Exercise data:
========================================================================
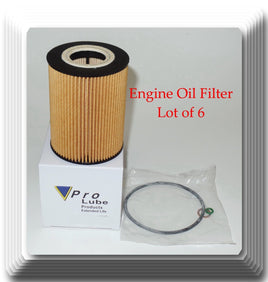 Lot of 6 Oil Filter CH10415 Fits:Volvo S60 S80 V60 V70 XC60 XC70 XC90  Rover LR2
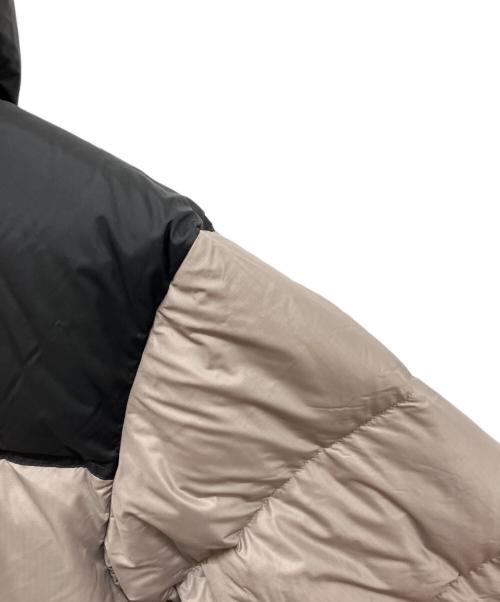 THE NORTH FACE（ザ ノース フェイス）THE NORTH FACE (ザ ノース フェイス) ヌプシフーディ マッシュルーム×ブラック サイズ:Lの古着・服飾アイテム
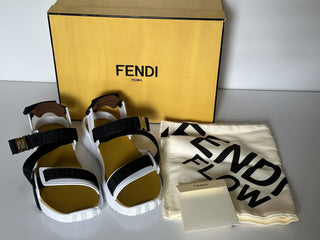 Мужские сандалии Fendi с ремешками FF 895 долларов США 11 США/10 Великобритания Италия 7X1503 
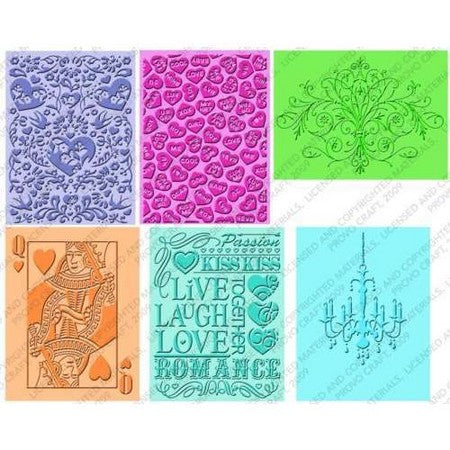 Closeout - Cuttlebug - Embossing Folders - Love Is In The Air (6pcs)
========================================================================
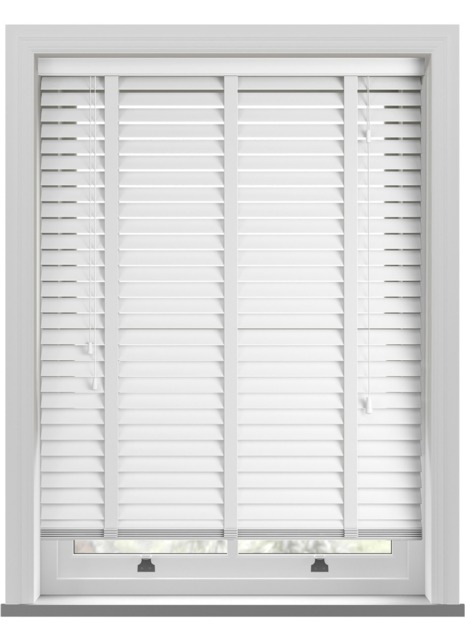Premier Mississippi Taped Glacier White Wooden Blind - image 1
========================================================================
Quote the lines above exactly, starting with the one that has "Мужские сандалии Fendi" and ending with the one that has "Closeout - Cuttlebug"; drop the pictures and include nothing else.

 Мужские сандалии Fendi с ремешками FF 895 долларов США 11 США/10 Великобритания Италия 7X1503 
 Closeout - Cuttlebug - Embossing Folders - Love Is In The Air (6pcs)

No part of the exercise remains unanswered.